站在恰來卡的街頭,安娜看著遠處的寺廟,她已經全身包裹印度婦女的紗麗,從外邊一戰也看出來她是一個俄羅斯人。當然啦,她只露出兩隻眼睛,只要不說話,沒有知道她是一個外國人。現在王寶強和熊大他們還不能進入這個城市,海軍陸戰隊還沒有開始攻擊英軍人的軍營,進入到城市裡人家一看他們就知道是外國人,是要冒很大的風險。
安娜就很喜歡紗麗這種服裝,紗麗究竟產生於何時何地,即便是考古學家也無法給出一個令人折服的確鑿說法,但人們始終相信它至少跟印度一樣歷史久遠。在著名的印度史詩《摩訶婆羅多》中,曾提到了當時存在著一種繡有珍珠滾邊的紗麗,據此則可知早在五千多年前就已經出現了類似紗麗的服飾了。
在對一些古代雕刻、壁畫的考古中,一再發現了刻繪身著不同幾何圖形紗麗的婦女形象,而且幾何圖形變化豐富,色澤絢麗,生動反映出古代印度人民的真實生活風貌和審美位。公元前327年,馬其頓國王亞歷山大親率大軍入侵印度西北部,雖然歷時短暫,卻一度萌發了強行改變印度婦女服飾的莫名想法,最終還是沒能扳動印度婦女酷愛無須針線縫製紗麗的固守傳統。

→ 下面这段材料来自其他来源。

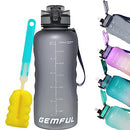 GEMFUL 2L Water Bottle with Straw Encouraging Goal Leakproof BPA Free Large Water Jug for Fitness and Gym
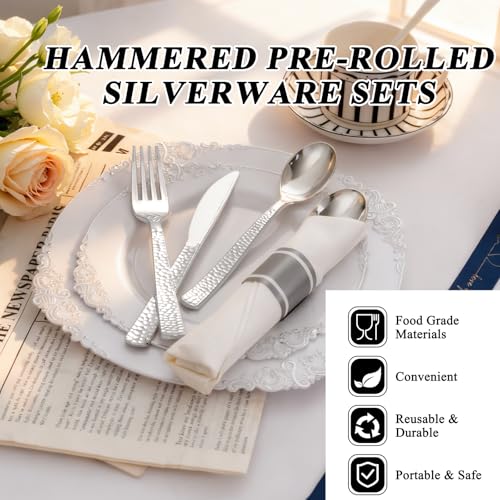 400PCS Silver Wrapped Silverware Set Disposable Hammered for Wedding (Silver - Hammered)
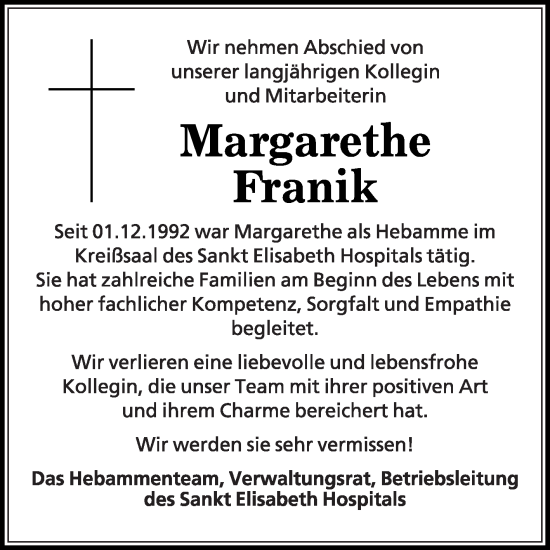 Traueranzeige von Margarethe Franik von Die Glocke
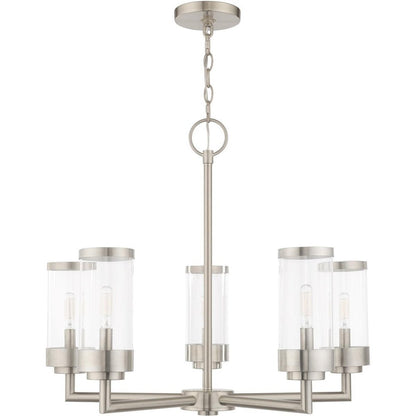 Five Light Dimmable Chandelier With Shades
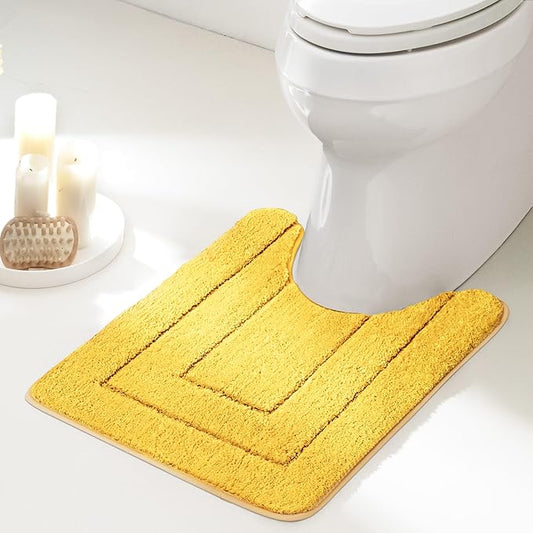 GRANNY SAYS Bathroom Toilet Rugs U Shaped, Bath Mats for Bathroom, Bath Rugs Non Slip Washable, Absorbent Microfiber Toilet Mat, Soft Plush Shaggy Bath Carpet, 20" x 24", Yellow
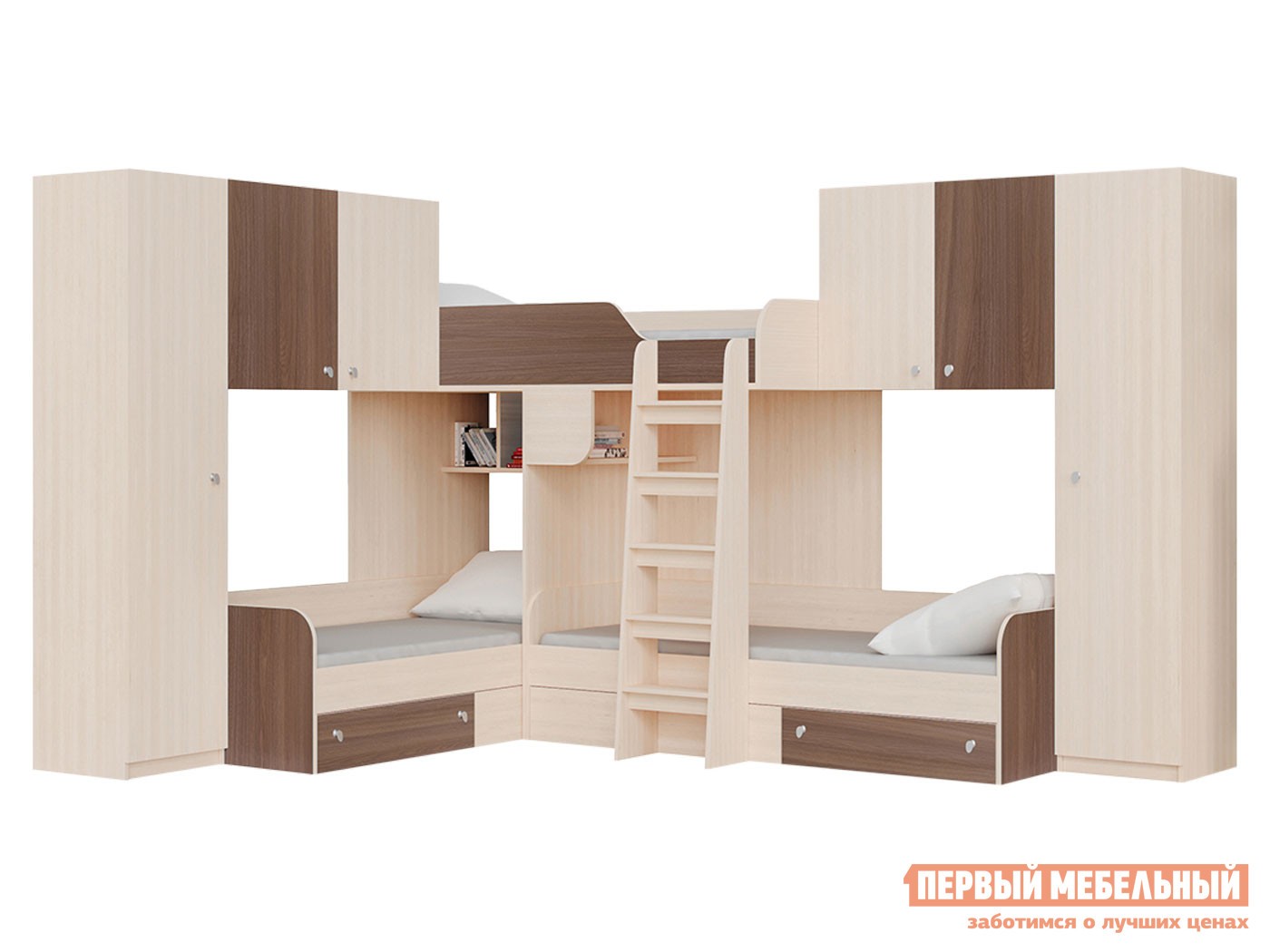 Двухъярусная кровать  Трио/3 Дуб Молочный / Орех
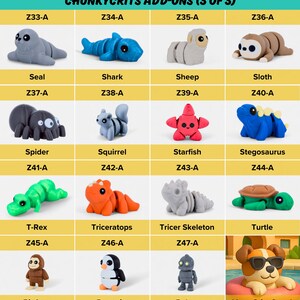 a collection of various animal-themed plush toys and figurines, including seals, sharks, sheep, sloths, spiders, squirrels, starfish, stegosaurus, turtles, foxes, and penguins.
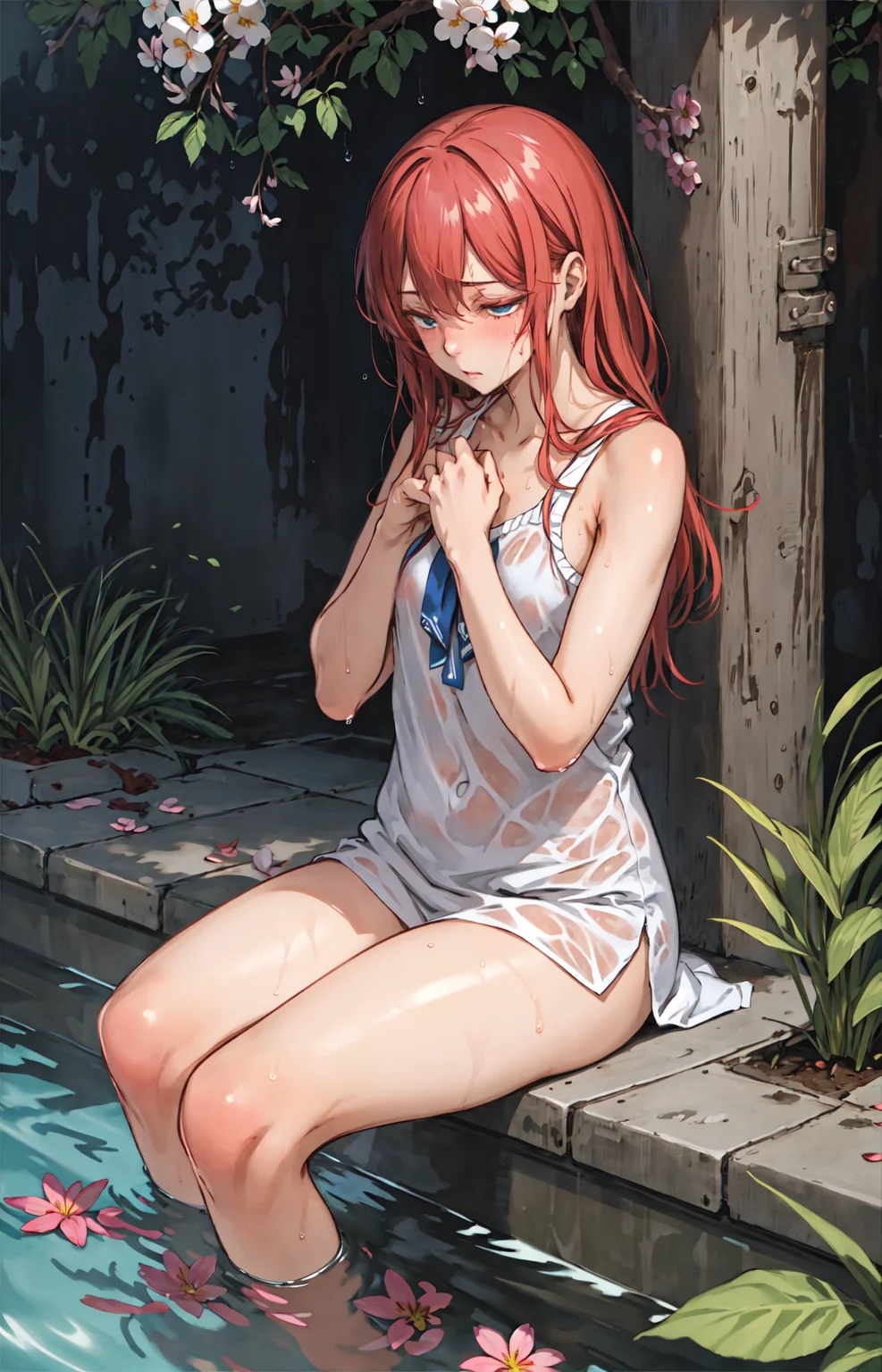 best quality, detailed background, girl, spring,shy,solo, breath, wet:0.6,tired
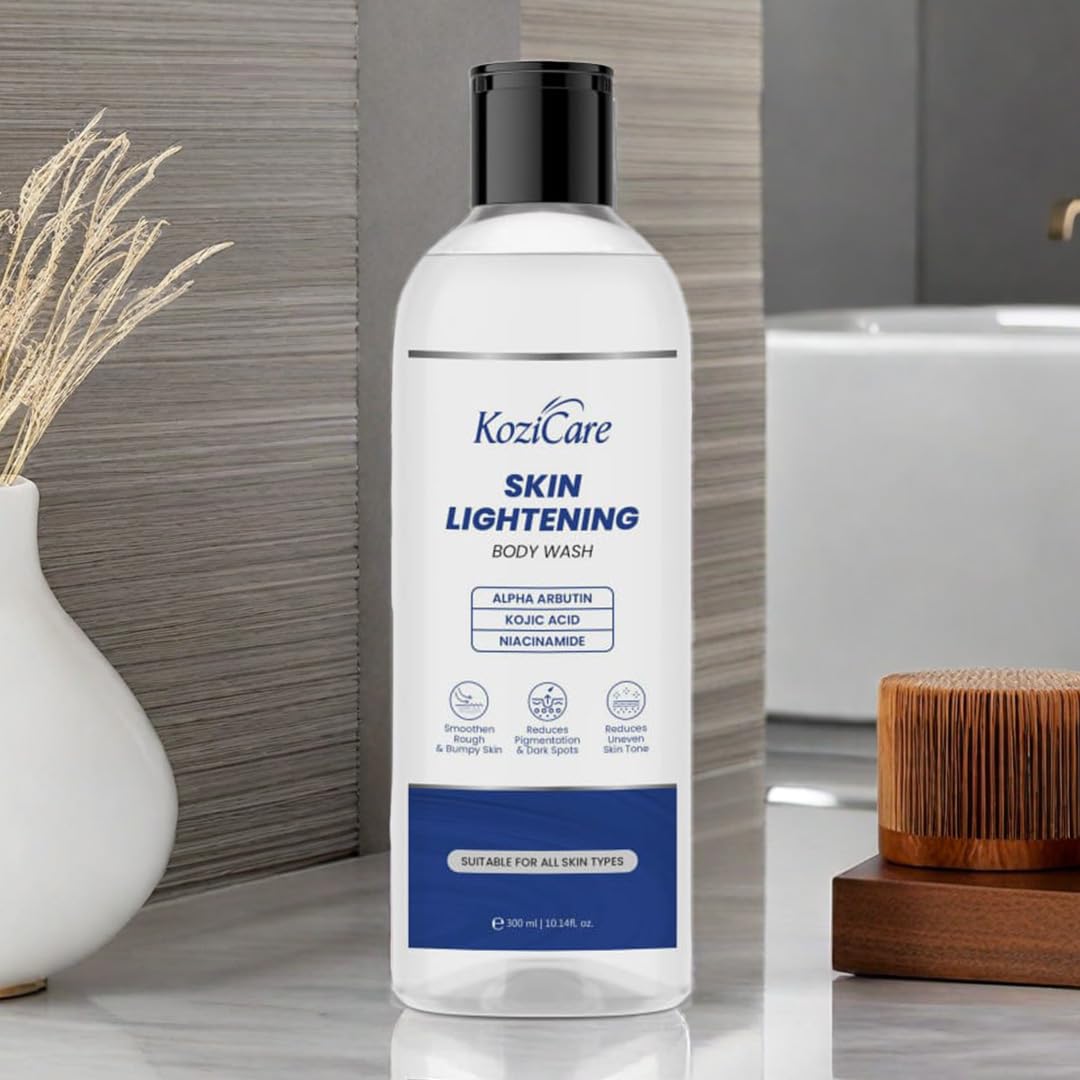 Kozicare Soap Skin Lightening Body Wash Gel | Alpha Arbutin, Niacinamide & Kojic Acid | Helps Reduces Pigmentation, Dark Spots & Uneven SkinTone |For Men & Women - 300 Ml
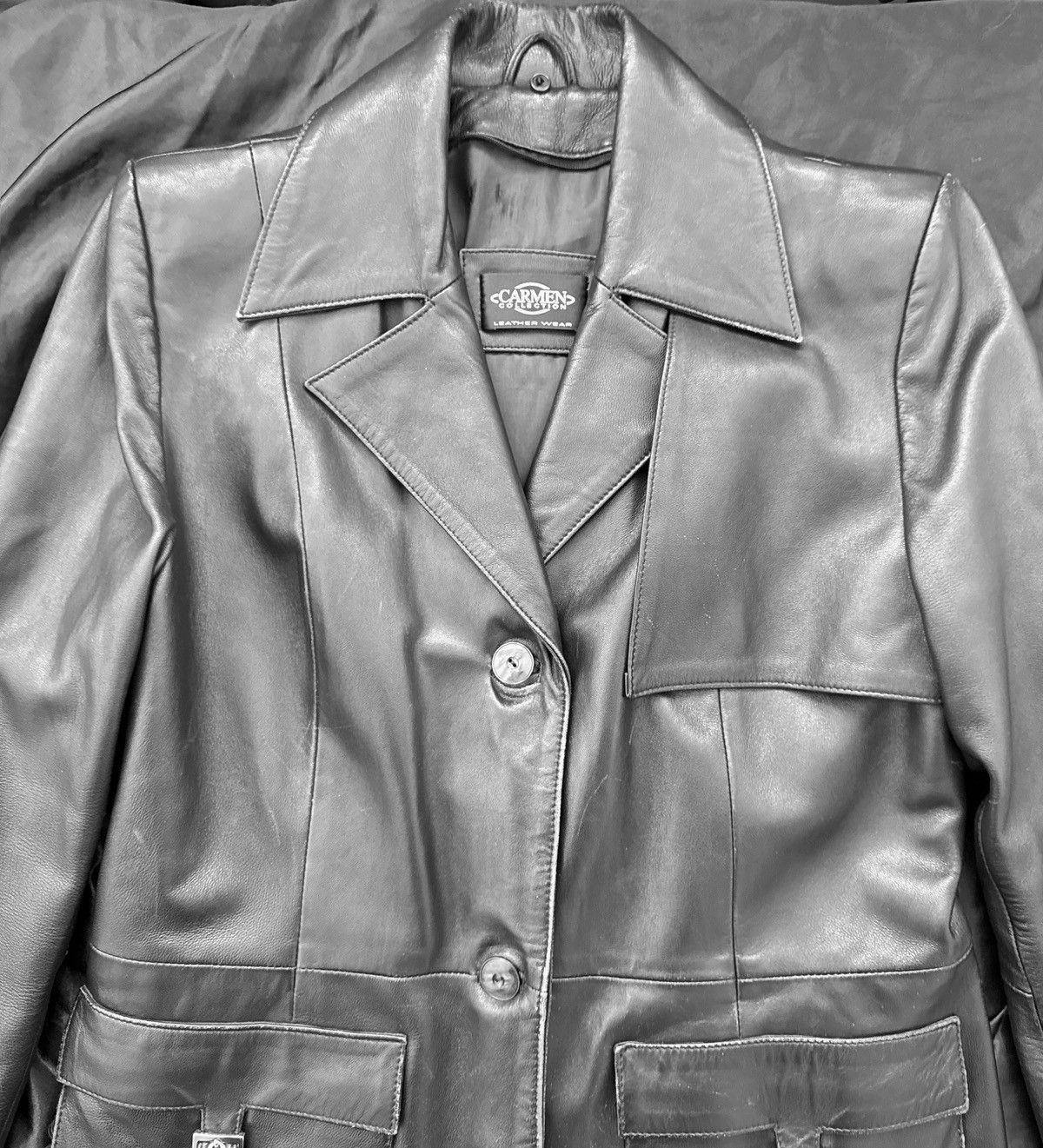 Vintage Iconic super long matrix leather coat Size L / US 10 / IT 46 - 12 Thumbnail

紗麗“(Saree或Sari),是印度女性心中舍棄不了,紗麗展示的一種情結,印度人和巴基斯坦人以自己別具一格的創造力詮釋著他們對於生活、審美、色彩的理解和追求。有人說“如果泰戈爾的詩裡有最高超的理想主義,那麽紗麗裡就有女人最美麗的情懷“,委實如此。
紗麗之於印度和巴基斯坦女性,不啻漢服之於中國女性、奧黛之於越南女性、和服之於日本女性,雅致而又不落奢華,清婉而又不失莊重,無論在繁華的都市街區,還是在幽靜的鄉村巷弄,無論在婚喪宴席的重大場合,還是在上班勞作的日常生活,幾乎無處不能瞥見飄逸、妍麗的“紗麗“。盡管婚後的印度婦女普遍日漸體態豐腴,但只要她們裹上紗麗,半是遮掩半是敞露,影影綽綽的身姿美感立生,顧盼神飛,懾人心魄,使得聲名遠播的國畫大師張大千也不禁慨歎:南亞紗麗是世界上最美的衣服。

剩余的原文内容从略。